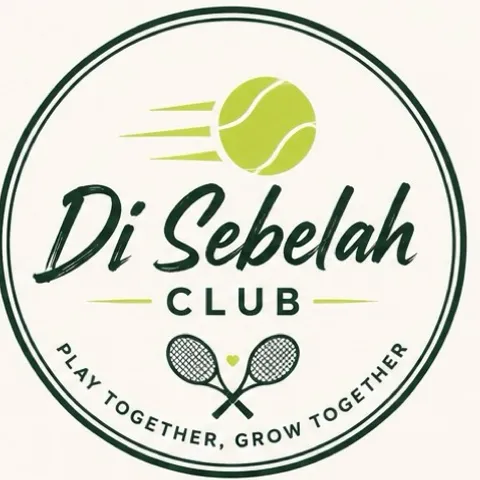 Di Sebelah Club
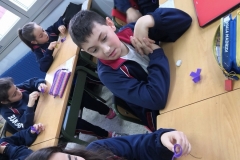 5º-EP-día-contra-a-violencia-de-xénero-2019-005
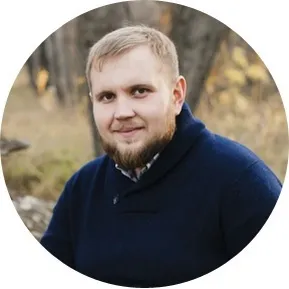 скальператор БЗО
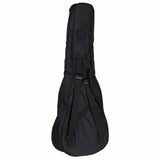 Martin & Co 11LXK2 travel gitaar Little Martin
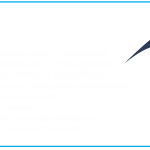 Поздравляем АО «Химфарм» с получением первого РУ в ЕАЭС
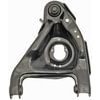 Dorman 520-135 Suspension Control Arm and Ball Joint Assembly Suspension Control Arm
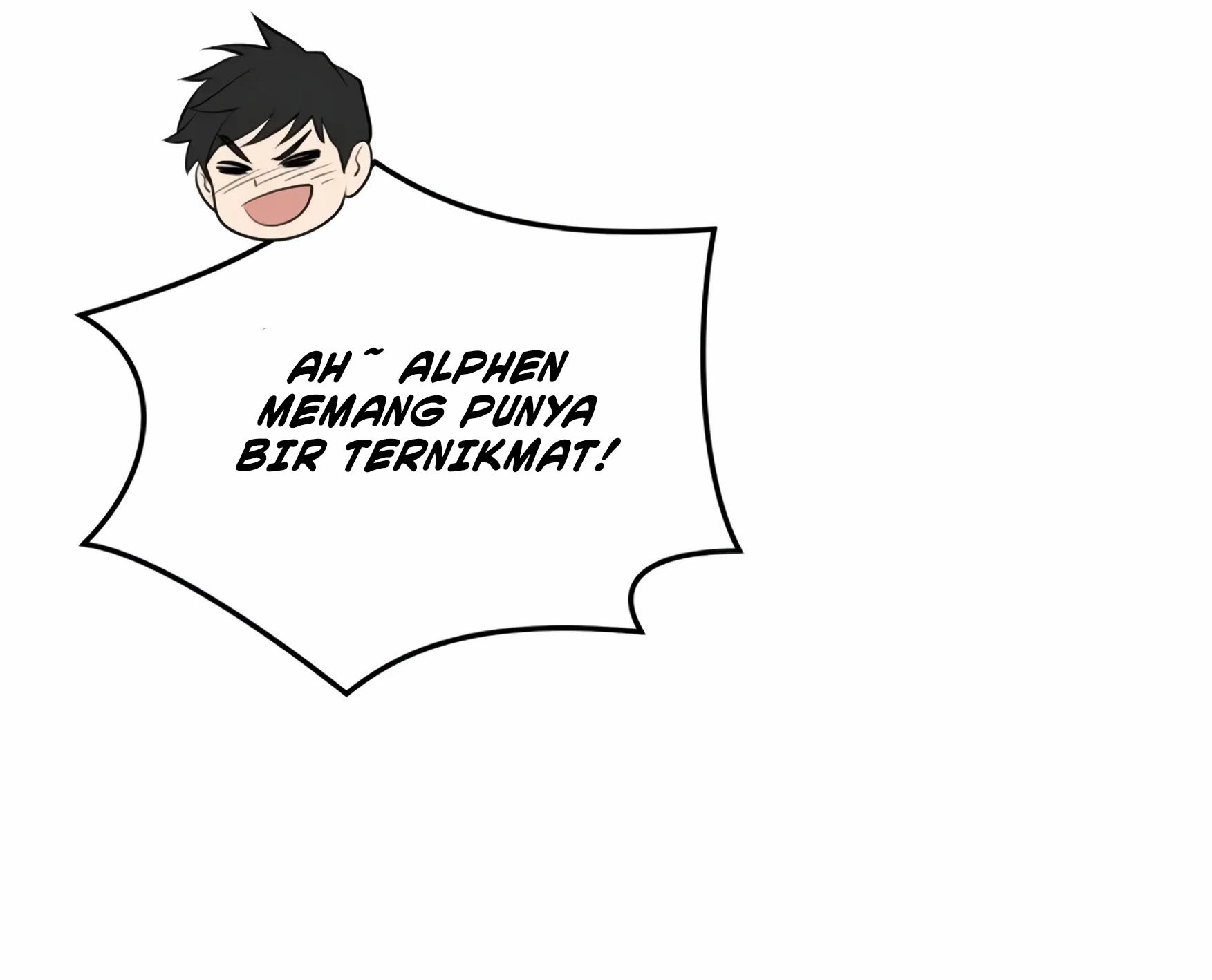 Seoul Station Necromancer Chapter 76 halaman 8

▶ _What you should do_
With pictures excluded, copy exactly the lines from the line containing "Martin & Co" through the last line of the listing above, both ends included.

▶ _Exercise solution_
 Martin & Co 11LXK2 travel gitaar Little Martin
 Поздравляем АО «Химфарм» с получением первого РУ в ЕАЭС
 Dorman 520-135 Suspension Control Arm and Ball Joint Assembly Suspension Control Arm
 Seoul Station Necromancer Chapter 76 halaman 8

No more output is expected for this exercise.